From now on my favorite airport is Incheon International, even though it is heckafar from Seoul. But I need to backtrack a little for you to understand why this is so.

I arrived at Incheon at 5:30 am, in a sub-freezing temperature, with the happy prospect of an 11 hour layover before catching my San Francisco flight. That is a long time to just stay in the airport, so the day before I had searched in the internet ways to get from the airport to the city (I had homed in on the one day pass to use the metro and buses). Just before the immigration check, however, I saw a sign offering free tours for in transit passengers. Hmm, promising.

Lo and behold, as I left Customs I inquired in the Service Desk and was directed to the proper counter, where a nice lady booked me for the free 5-hour trip starting at 8 am. The tour itself is free, but I had to pay a measly US$ 13 for the entrance ticket to the Gyeongbok Palace and for lunch. I had about one and a half hours to kill, so I went to McDonald’s to buy a cup of coffee for an outrageous US$ 3 (I suspect that I got the foreigner surcharge, because as close as I could tell the sign said 1,800 won for a large cup, which would have been equivalent to US$ 1.80).

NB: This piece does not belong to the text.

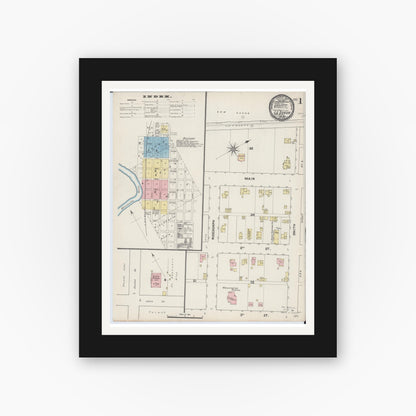 Old map wall art mockup — black gallery frame with white mat — Sanborn Fire Insurance Map from Le Sueur, Le Sueur County, Minnesota (1890) - Complete Map Set
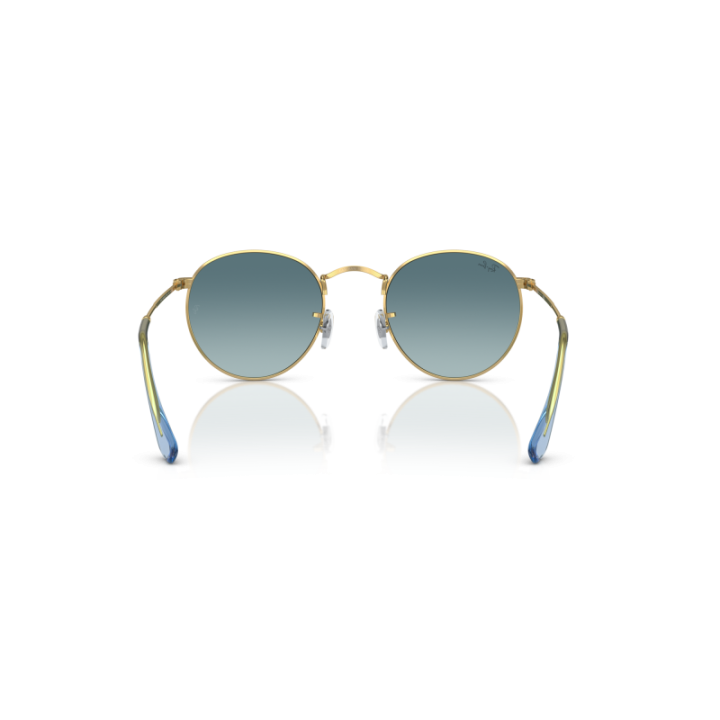 Gafas de sol Ray-Ban RB3447 Round Metal dorado con cristales  azul vista dorsal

The tour bus took nearly an hour and a half to bring us to Gyeongbok Palace, in downtown Seoul. This was the palace of the emperors of the third dynasty, the Joseon Dynasty, which in my humble opinion were very Chinese in their aspirations and built Gyeongbok as a small replica of the Forbidden City in Beijing. Pretty, yes, but without the thousands of courtiers it has the feeling of an empty series of warehouses.

From there we went a very short distance to visit the Jogyesa Temple, which is the main Buddhist temple in the city. The Koreans are pretty hard core Buddhists, and there were quite a number of folks inside kneeling and praying with true fervor. The temple is dominated by three very large golden images of the sitting Buda. From what I understood from our guide the three represented different facets of Buda, with one being Buda The Healer, and the central one Buda in meditation (I forget what the third image represented).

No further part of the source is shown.